Stored data entries

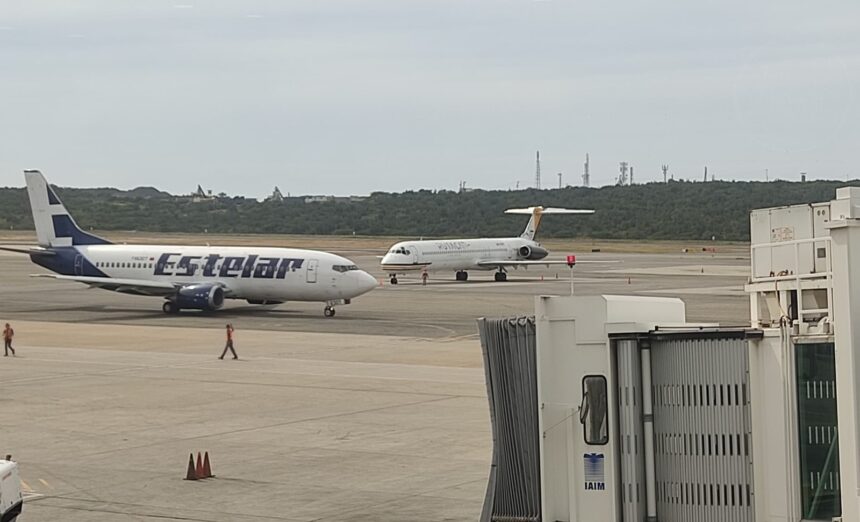 Aeropuerto de Coro reactivó sus vuelos comerciales con una ruta hacia Caracas 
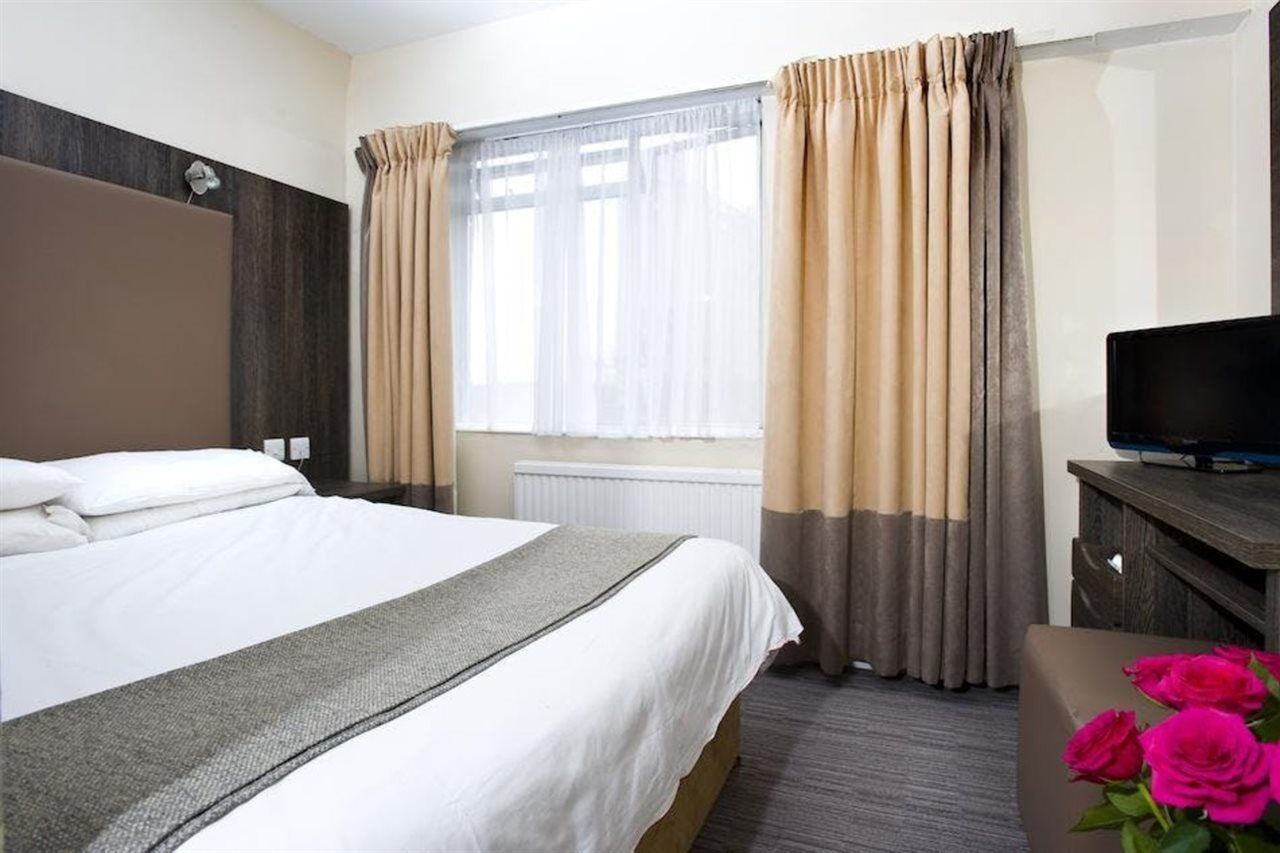 Hotel Lily London Bagian luar foto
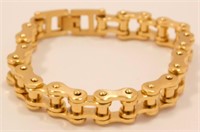 New Gold Chain Bracelet. 8" in Length. New in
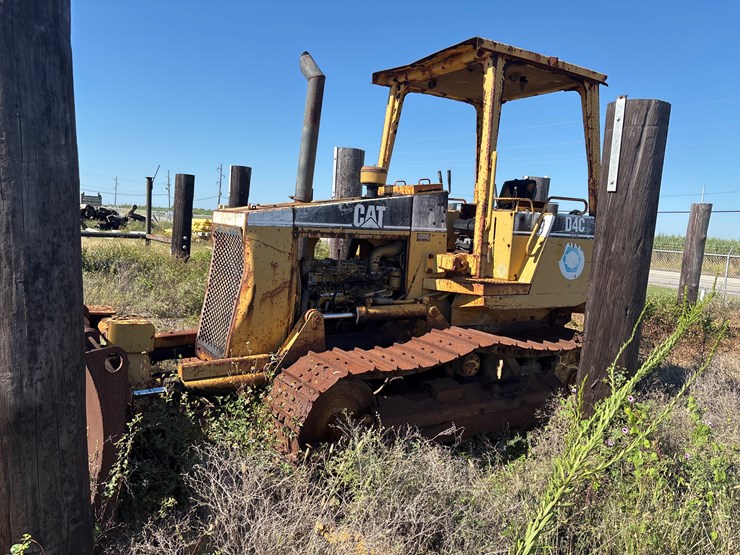 2006-caterpillar-d4c-image-13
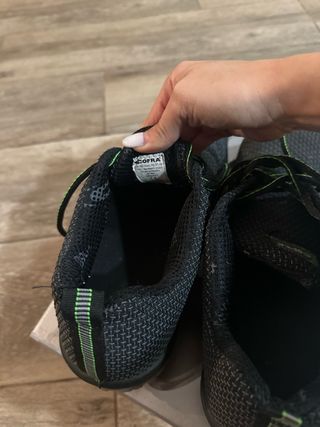 Zapatos de seguridad COFRA negros y verdes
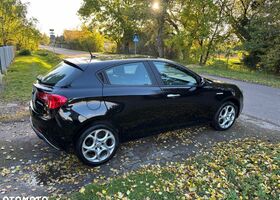 Альфа Ромео Giulietta 2019 у Європі на Automoto.ua Чорний Альфа Ромео Giulietta, об'ємом двигуна 1 л та пробігом 141 тис. км за 10388 $, фото 6 на Automoto.ua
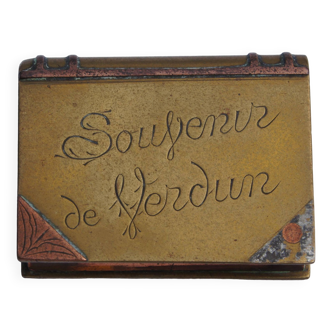 Livre / briquet en cuivre : Souvenir de Verdun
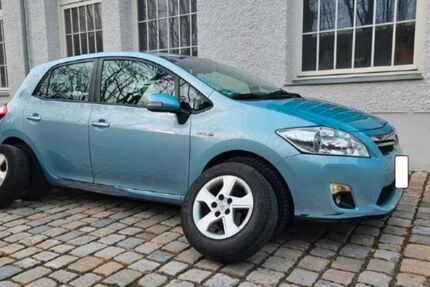 Toyota Auris 128.000 km 7.450 &euro; Nürnberg 90478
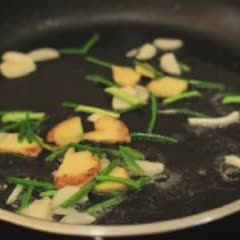 Cách làm đậu hũ xào nấm hương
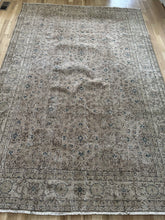 Load image into Gallery viewer, Vintage Turkish 6’11” x 10’2”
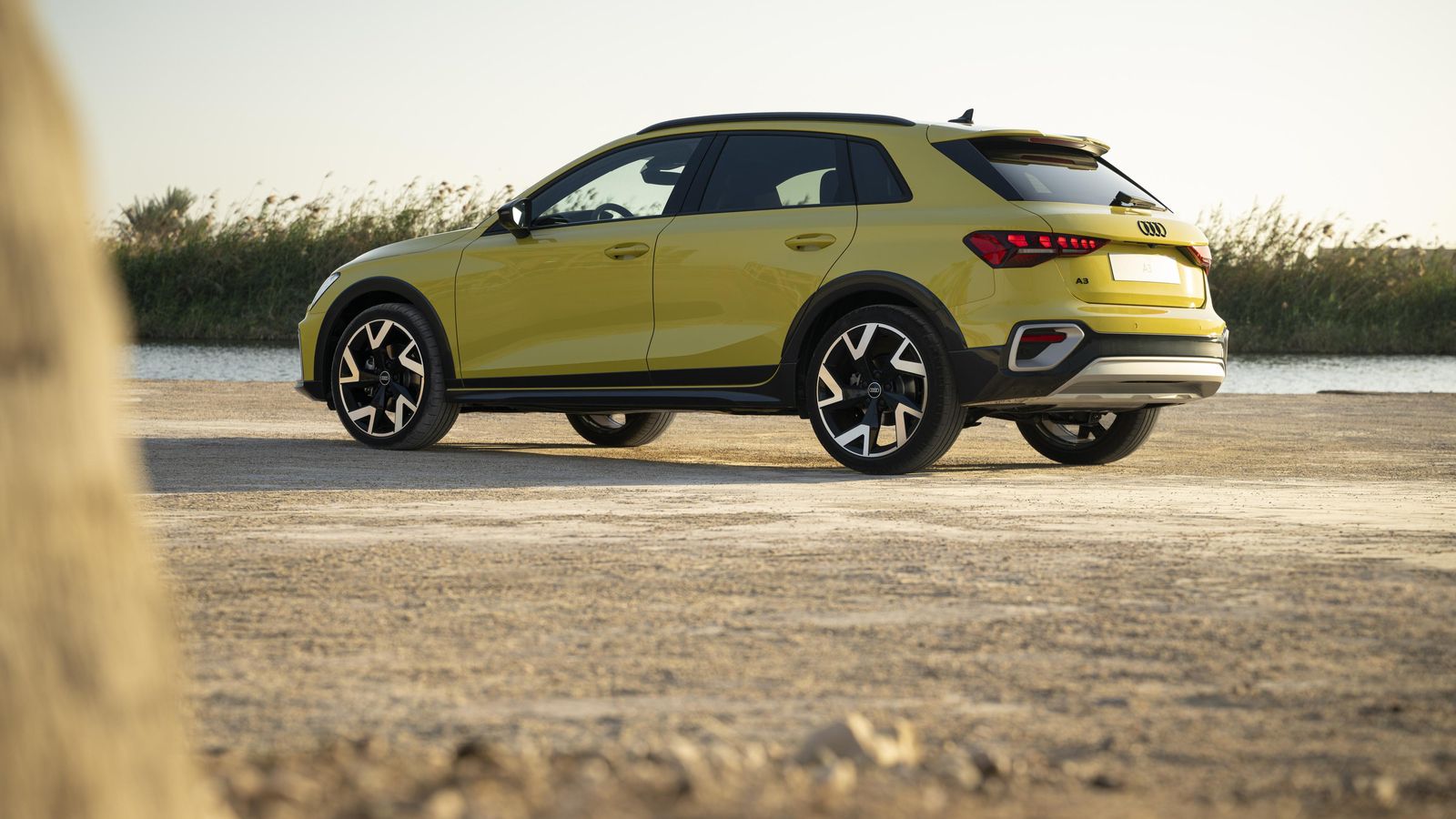 Respecto a las versiones estándar con la carrocería Sportback, la Allstreet se sobreeleva 3 cm.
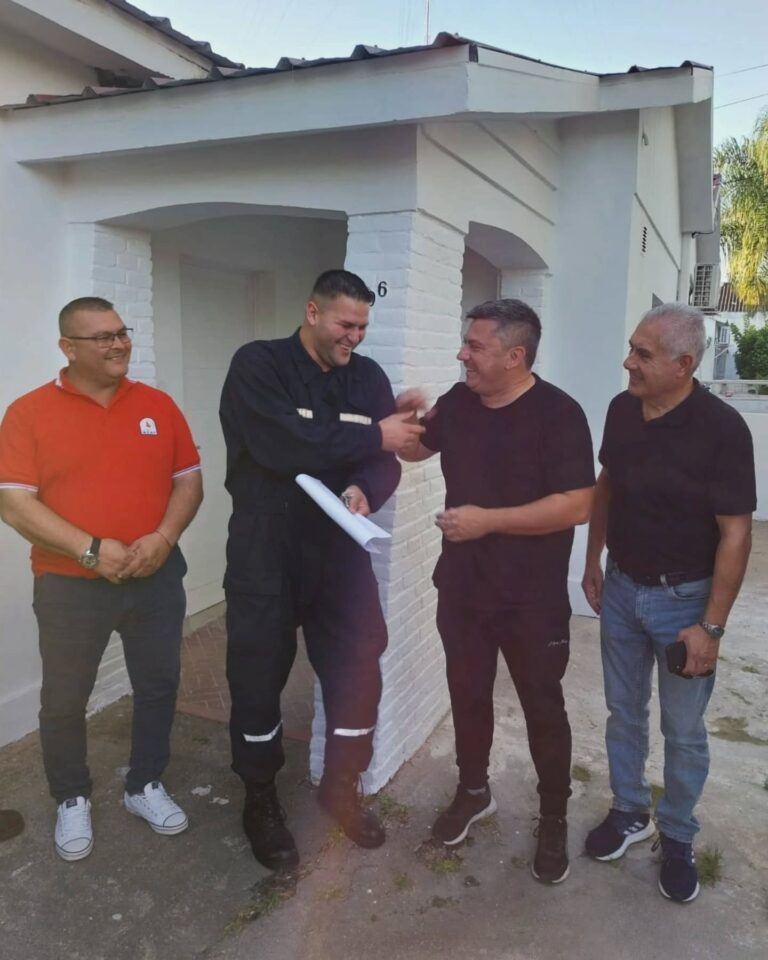Bomberos Voluntarios entregaron chalets a miembros del Cuerpo Activo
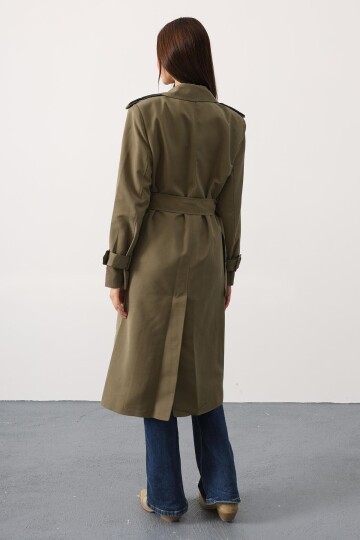 Düğmeli Kemer Kapamalı Vatkalı Astarlı Çift Cepli Uzun Trençkot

Your assignment: The lines to reproduce run from the line containing "Toyota Auris 128.000" through the last line of the records above, both included. Copy them exactly and drop the pictures.

Response area:
 Toyota Auris 128.000 km 7.450 &euro; Nürnberg 90478
 Cách làm đậu hũ xào nấm hương
 Load image into Gallery viewer, Vintage Turkish 6’11” x 10’2”
 Respecto a las versiones estándar con la carrocería Sportback, la Allstreet se sobreeleva 3 cm.
Bomberos Voluntarios entregaron chalets a miembros del Cuerpo Activo
 Düğmeli Kemer Kapamalı Vatkalı Astarlı Çift Cepli Uzun Trençkot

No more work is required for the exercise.